Caption-style text data:
»»

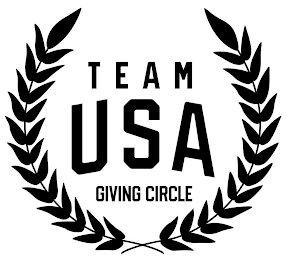 TEAM USA GIVING CIRCLE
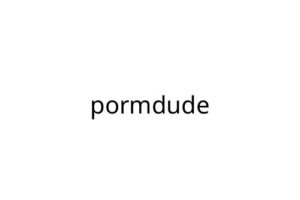 pormdude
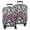 Pink and Blue, variant on Pink and Black Of Leopard Print Luggage Cover Fashion Suitcase Cover Baggage Covers Fit 25-28 Inch Luggage (Go Travel)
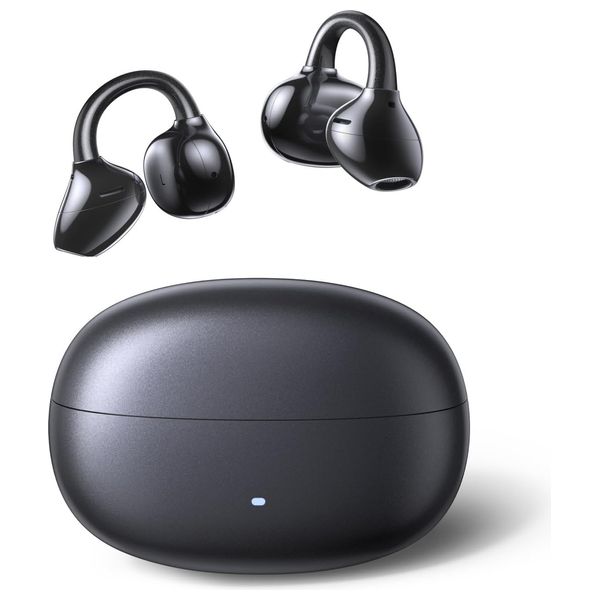  سماعات أذن مفتوحة لاسلكية HiTune S3 من يوجرين - بطارية 30 ساعة - مقاومة للماء IPX5 - بلوتوث 5.4 - أسود 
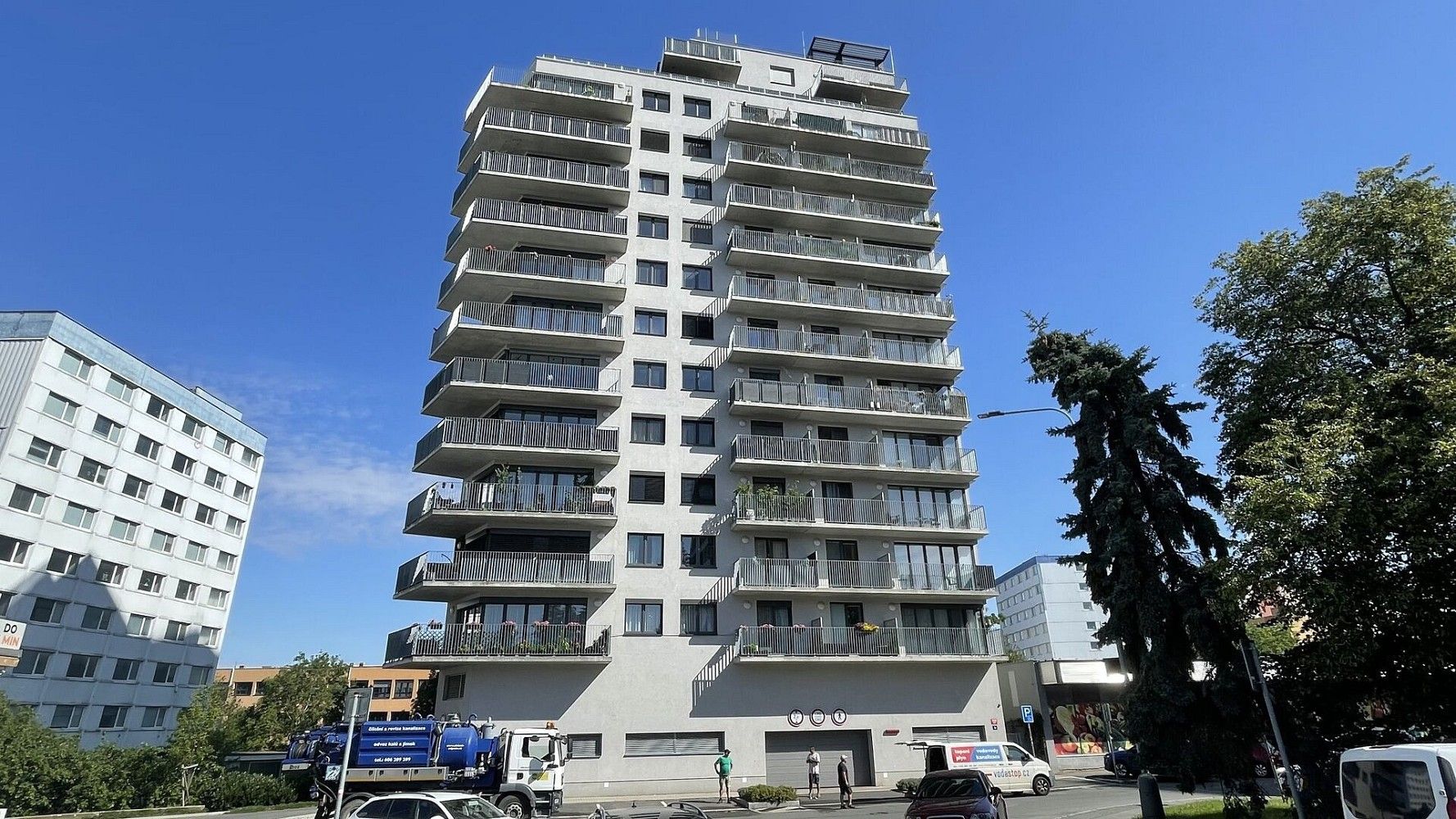 1+kk, Praha - Hostivař, okres Praha 15, Hlavní město Praha, 37 m² - 1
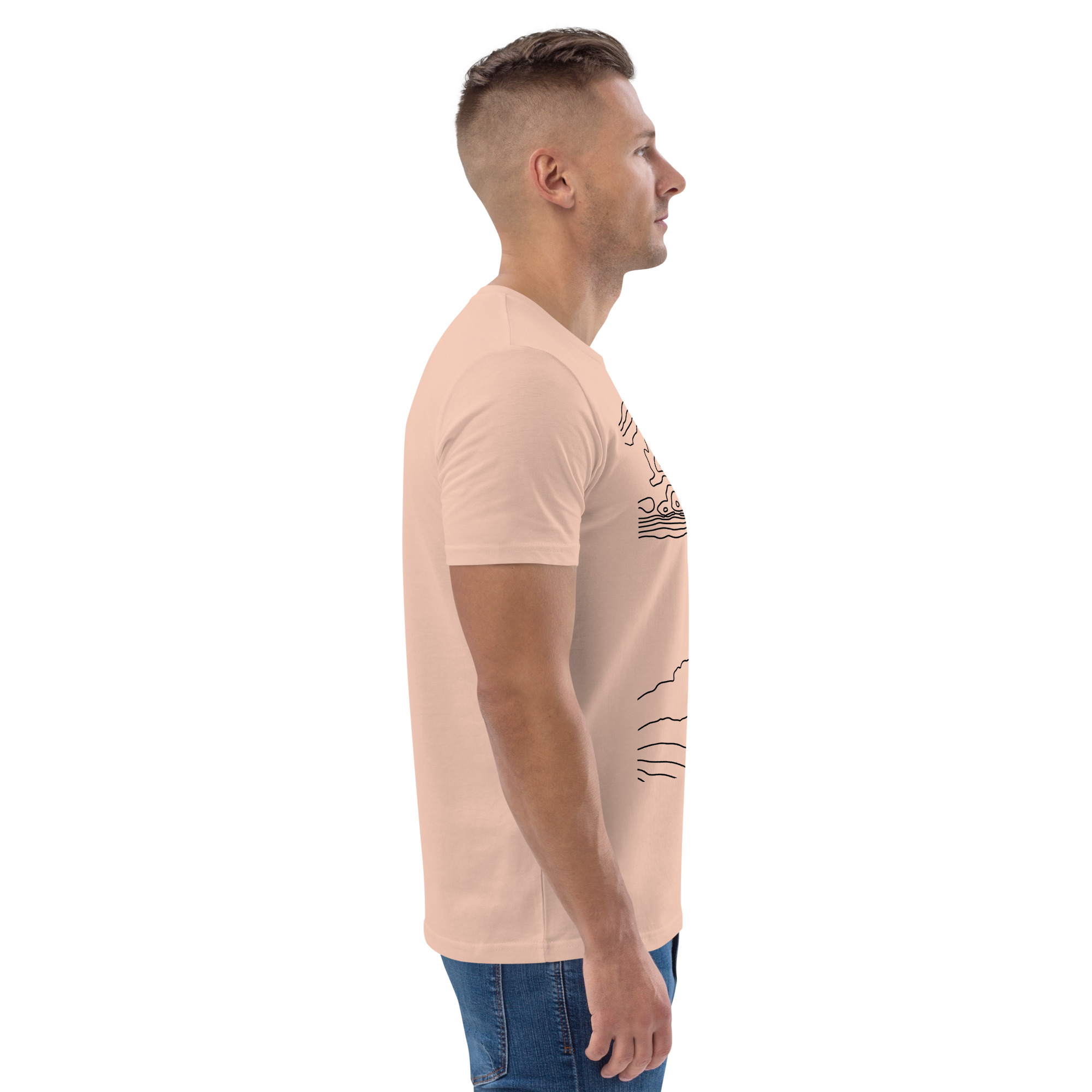 Unisex-Bio-Baumwoll-T-Shirt – Bild 16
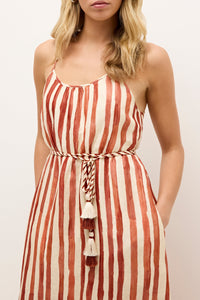 Kinley Dress in Tierra
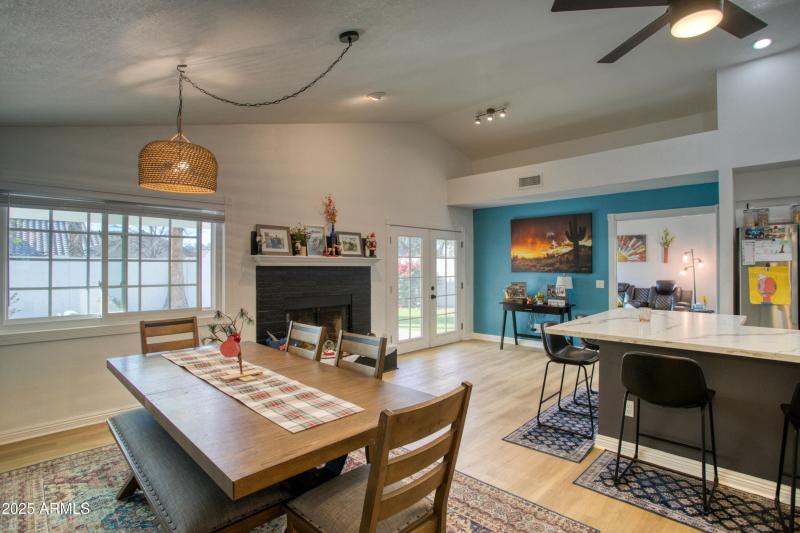 Dining Room/Kitchen
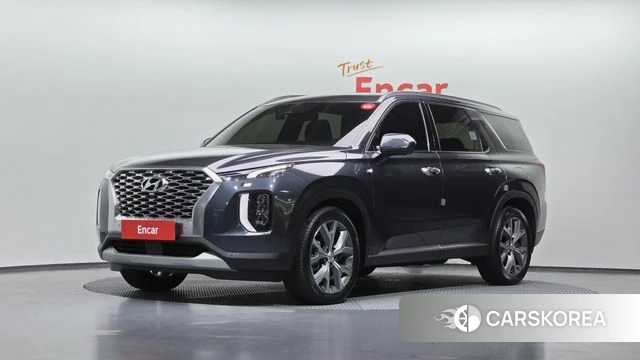 Hyundai Palisade 2021 Серый из Кореи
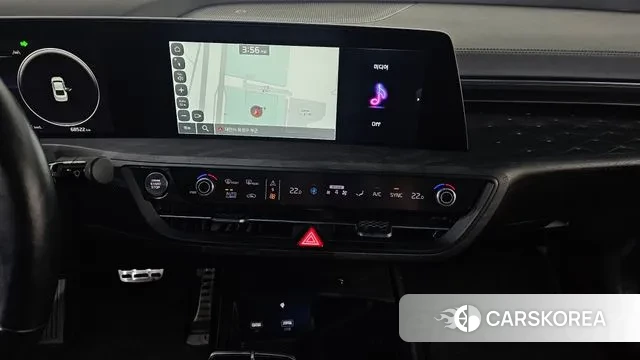 Kia K8 2022 Черный из Кореи, фото 6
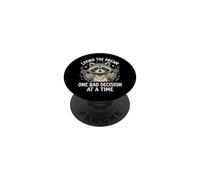 Living The Dream One Bad Decision At A Time PopSockets PopGrip Adhesivo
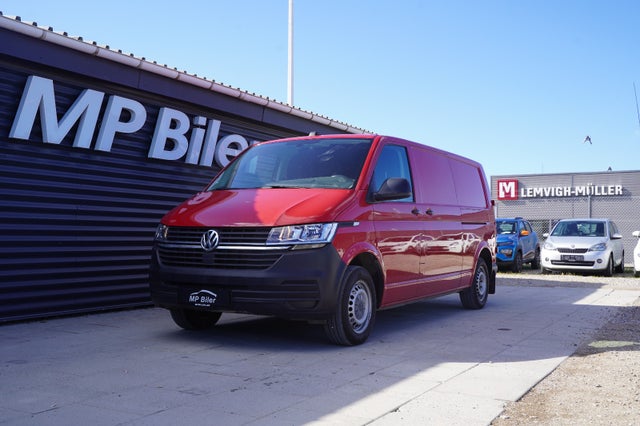 VW Transporter 2,0 TDi 150 Kassevogn DSG lang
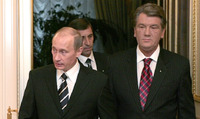 Ющенко пропонував путіну стати героєм України
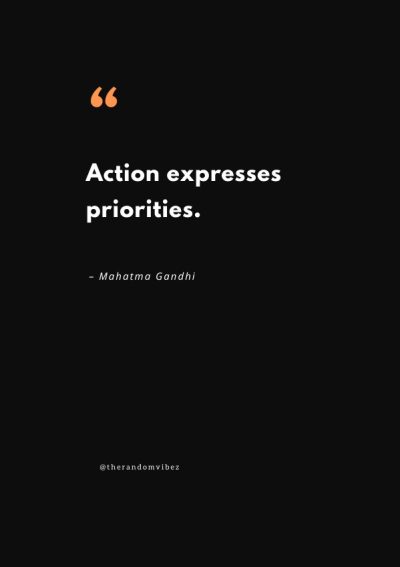 quotes about priorities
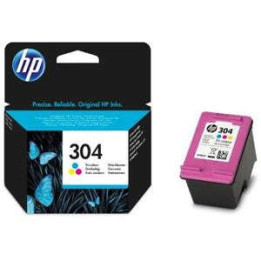 Cartouche HP originale 304 couleur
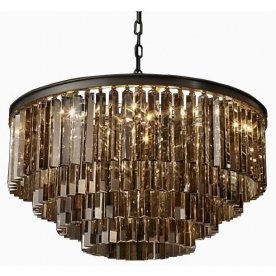 Подвесная люстра Odeon 4 Rings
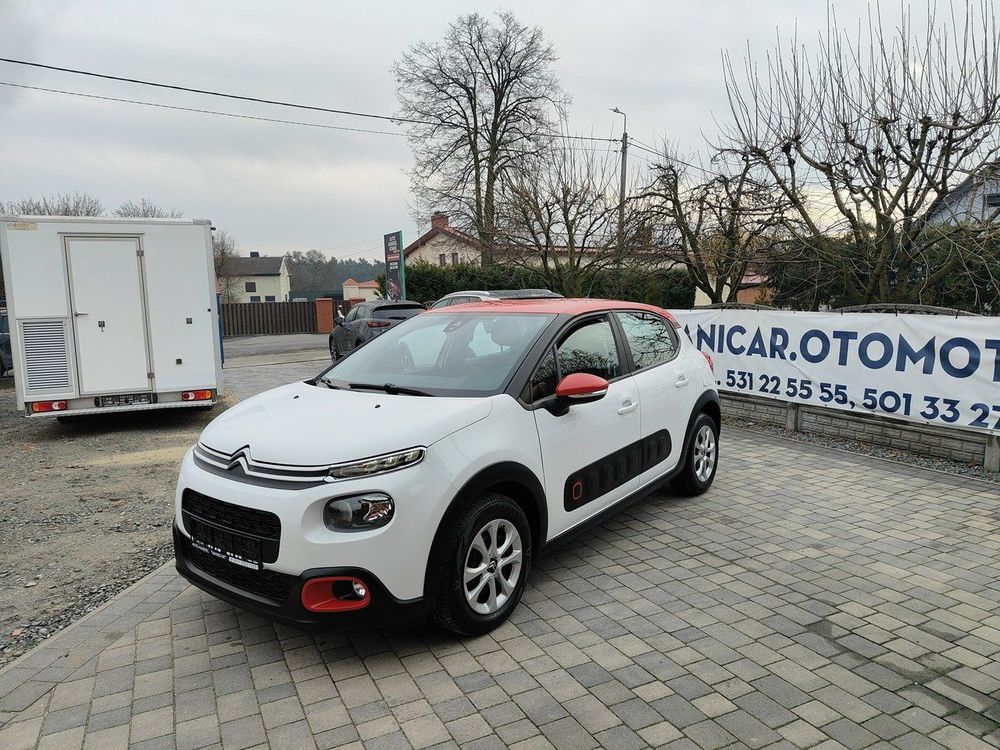 Citroën C3 III 1.2 PureTech Origins 2017
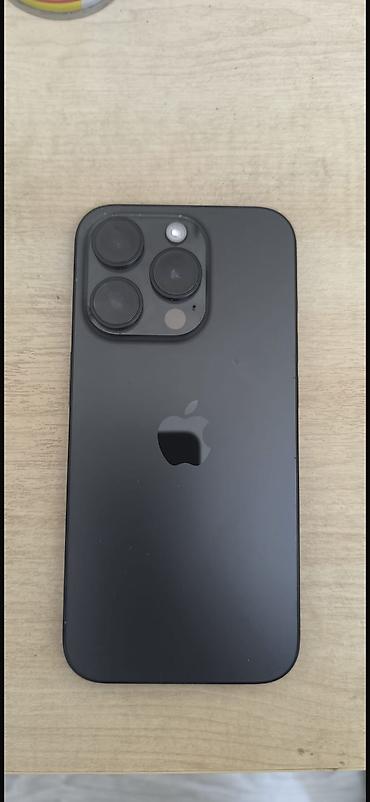 iphone 12 qara: IPhone 15 Pro, 128 GB, Qara, Face ID — 1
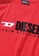 Diesel red Girl's Short Sleeve T-shirt 0D455KA896E598GS_4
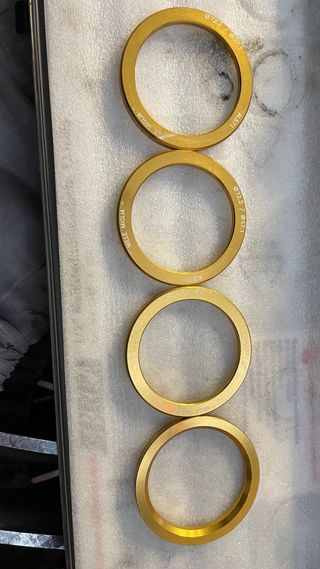 Centradores llanta Mille Miglia AL571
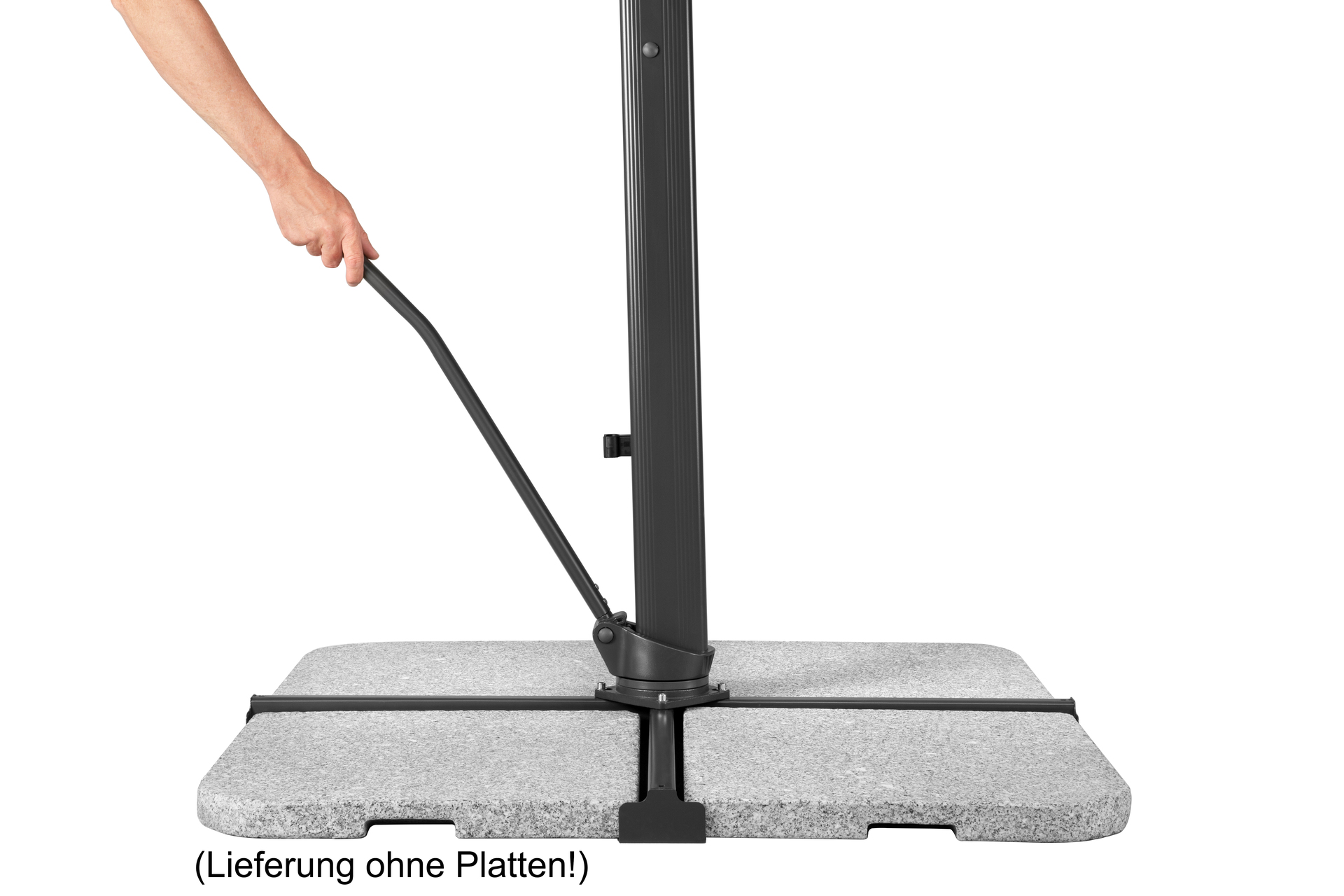 Ampelschirm Rhodos Smart 300x300cm bei leitermann.de günstig kaufen Ampelschirm Rhodos Smart 300x300cm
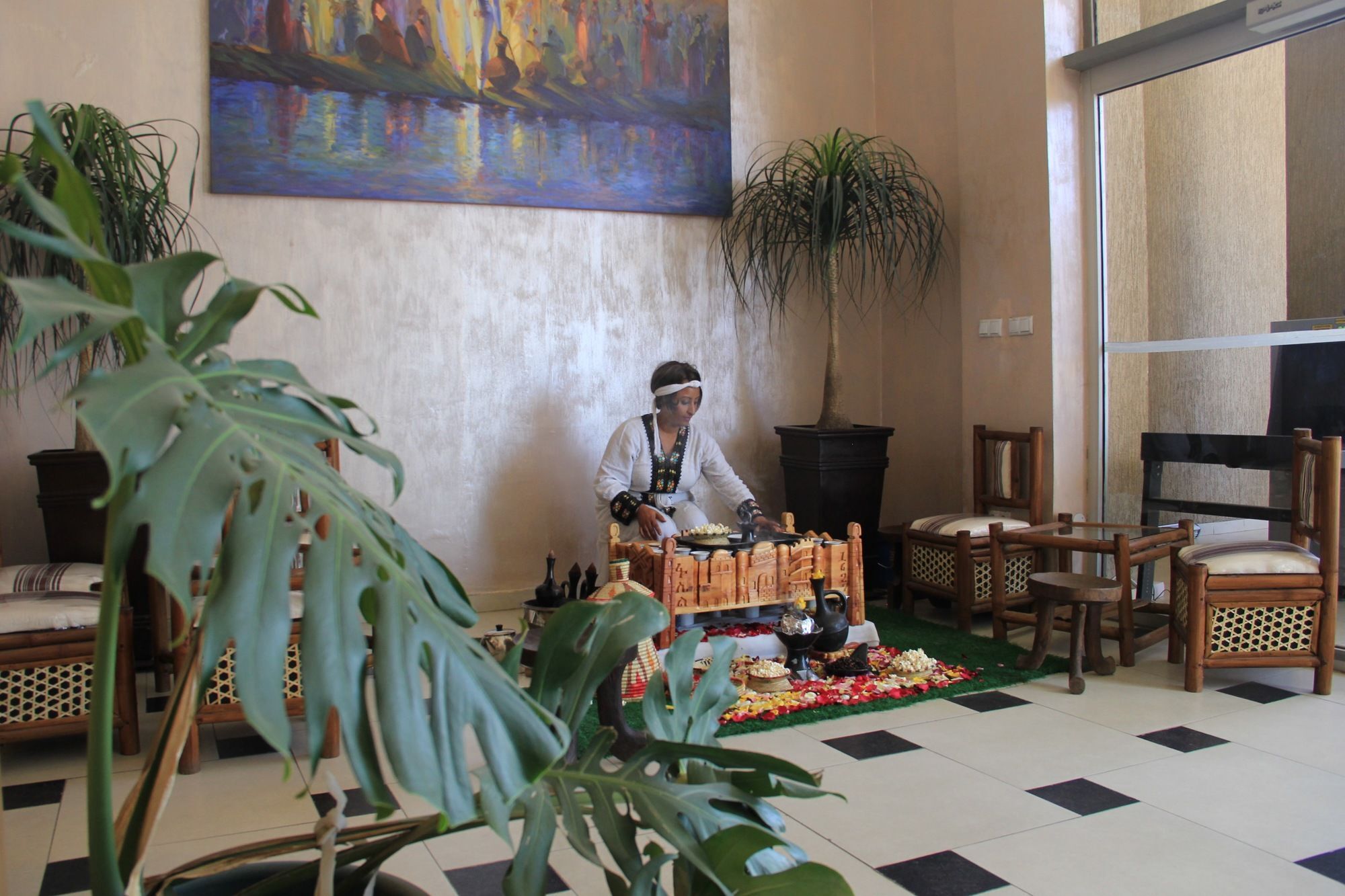 Momona Hotel Addis Ababa Luaran gambar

««

• **YOUR ASSIGNMENT**: Word for word, write out each line of the records, but leave the pictures behind.

• **YOUR RESPONSE**:
 TEAM USA GIVING CIRCLE
 pormdude
 Pink and Blue, variant on Pink and Black Of Leopard Print Luggage Cover Fashion Suitcase Cover Baggage Covers Fit 25-28 Inch Luggage (Go Travel)
  سماعات أذن مفتوحة لاسلكية HiTune S3 من يوجرين - بطارية 30 ساعة - مقاومة للماء IPX5 - بلوتوث 5.4 - أسود 
 1+kk, Praha - Hostivař, okres Praha 15, Hlavní město Praha, 37 m² - 1
 Unisex-Bio-Baumwoll-T-Shirt – Bild 16
 Kinley Dress in Tierra
 Dining Room/Kitchen
 Hyundai Palisade 2021 Серый из Кореи
 Kia K8 2022 Черный из Кореи, фото 6
 Living The Dream One Bad Decision At A Time PopSockets PopGrip Adhesivo
 VW Transporter 2,0 TDi 150 Kassevogn DSG lang
 Ющенко пропонував путіну стати героєм України
 quotes about priorities
 Cartouche HP originale 304 couleur
 Подвесная люстра Odeon 4 Rings
 Citroën C3 III 1.2 PureTech Origins 2017
 iphone 12 qara: IPhone 15 Pro, 128 GB, Qara, Face ID — 1
 Diesel red Girl's Short Sleeve T-shirt 0D455KA896E598GS_4
 Centradores llanta Mille Miglia AL571
 Ampelschirm Rhodos Smart 300x300cm bei leitermann.de günstig kaufen Ampelschirm Rhodos Smart 300x300cm
 Momona Hotel Addis Ababa Luaran gambar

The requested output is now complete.